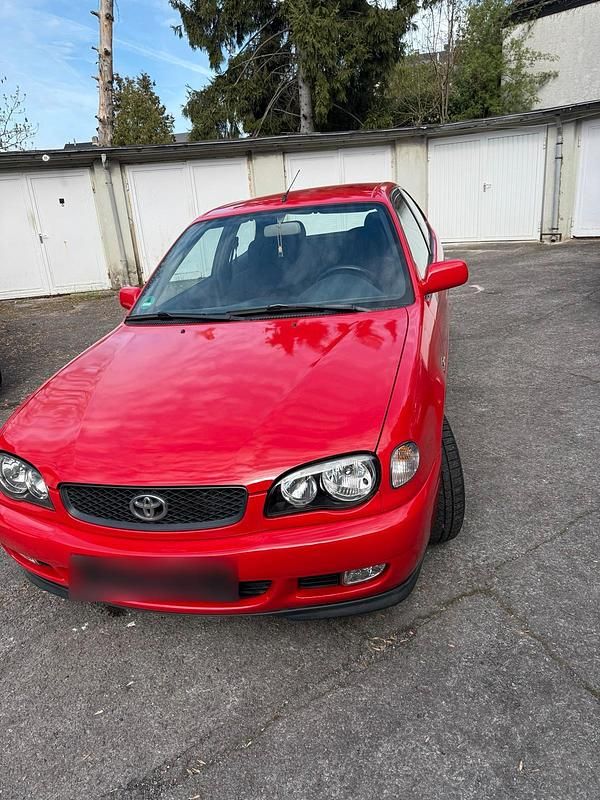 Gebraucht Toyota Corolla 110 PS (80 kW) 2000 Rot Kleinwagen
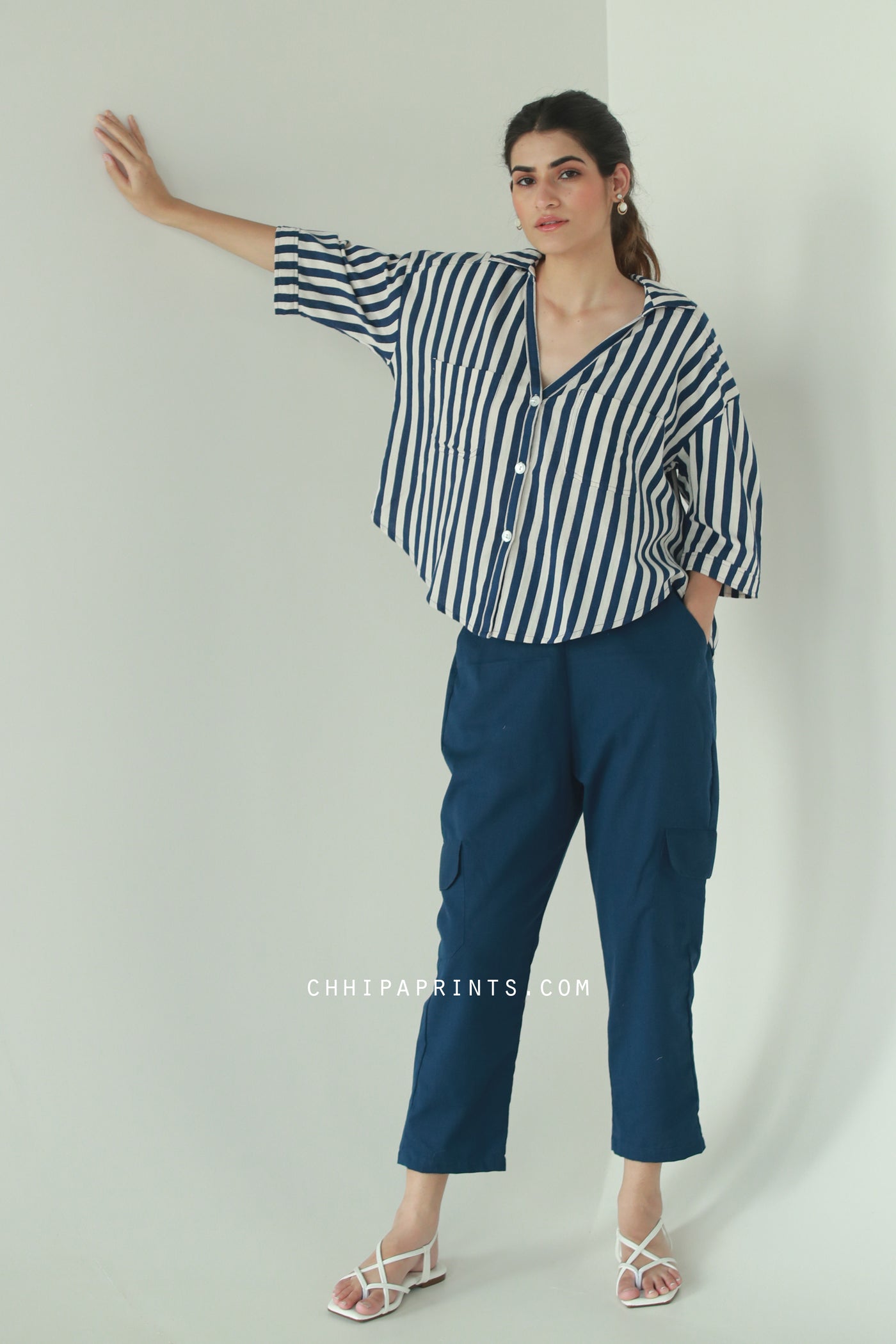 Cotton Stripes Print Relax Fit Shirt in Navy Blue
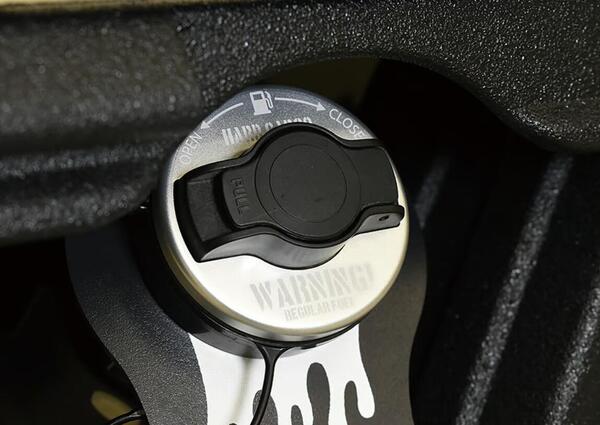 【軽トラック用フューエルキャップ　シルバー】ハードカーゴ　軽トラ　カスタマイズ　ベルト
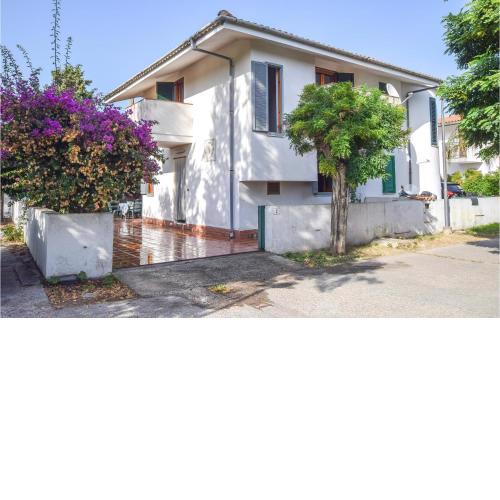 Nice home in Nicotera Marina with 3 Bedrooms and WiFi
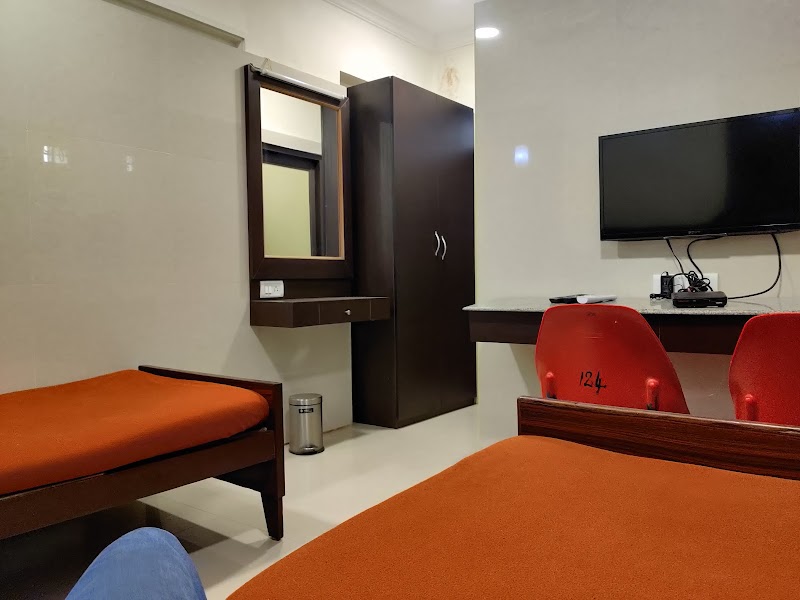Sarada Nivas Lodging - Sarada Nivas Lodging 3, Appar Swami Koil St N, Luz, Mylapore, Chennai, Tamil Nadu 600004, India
------------------------------
### TASK STATEMENT
Output a verbatim copy of the entries and skip the pictures.

### TASK RESULT
 Gebraucht Toyota Corolla 110 PS (80 kW) 2000 Rot Kleinwagen
 Cotton Stripes Print Relax Fit Shirt in Navy Blue
 【軽トラック用フューエルキャップ　シルバー】ハードカーゴ　軽トラ　カスタマイズ　ベルト
 Nice home in Nicotera Marina with 3 Bedrooms and WiFi
Sarada Nivas Lodging - Sarada Nivas Lodging 3, Appar Swami Koil St N, Luz, Mylapore, Chennai, Tamil Nadu 600004, India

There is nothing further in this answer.